I'm not sure what people intend when they “pregenate” me but it’s wearing on me for the exclusive reason that I feel like it devalues our decision to adopt and the relationship that we will have with our child when people make this comment. It reinforces the idea of second best or "last resort". It also perpetuates the idea that we are not happy with this decision and we are settling.
I feel so blessed to have the ability to adopt. To have a mother select myself and my husband and entrust us to help raise her child is the greatest honor and experience I can imagine – definitely not an experience that is second best.
I think the hardest part about the adoption wait right now is not being able to look ahead and know what will be happening in your immediate future in 3 - 6 months from now. I book events and dates on my calendar at work and always wonder if I will be present at the event or meeting or will I be out on maternity leave. There is certainly no predicting when baby will come so you just move ahead and plan contingencies should you be out.

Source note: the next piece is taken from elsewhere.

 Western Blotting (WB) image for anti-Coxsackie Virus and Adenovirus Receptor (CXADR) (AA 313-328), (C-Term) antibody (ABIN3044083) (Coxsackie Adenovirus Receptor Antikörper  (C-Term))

It is mostly wearing on me at present because I have a serious travel bug and would do anything to leave the country right now. (You aren't able to leave the U.S. until your adoption is finalized which is generally six months post-placement). I'm even reluctant to schedule travel within the U.S. not knowing what the future holds. I do have a trip scheduled in June to Houston. It felt really risky scheduling it months ago but as June swiftly approaches with no call from our agency I think we are certainly in the clear. I figured visiting my sister was the safest bet. Event if we did have baby, if I had the desire to travel with him/her we could always still complete the trip. We'd have a great place to bring baby and lots of help from the new aunt and uncle.
Right now I feel like we are in a holding patter until we know more. We would really like to sell our place and move to a home but we're reluctant to do so until we get baby. I know that our perspective will change once bambino comes into our lives and I'd like to go house hunting when we can look at things through the eyes of a parent. I know that we should be enjoying this time of freedom and fun (says all of our parent friends) but we're ready to get out of the holding patter and forge ahead to this next stage of our lives.
I know once our bambino comes into our lives it will seem like this wait was nothing but right now we are approaching a year and the wait has seemed so long.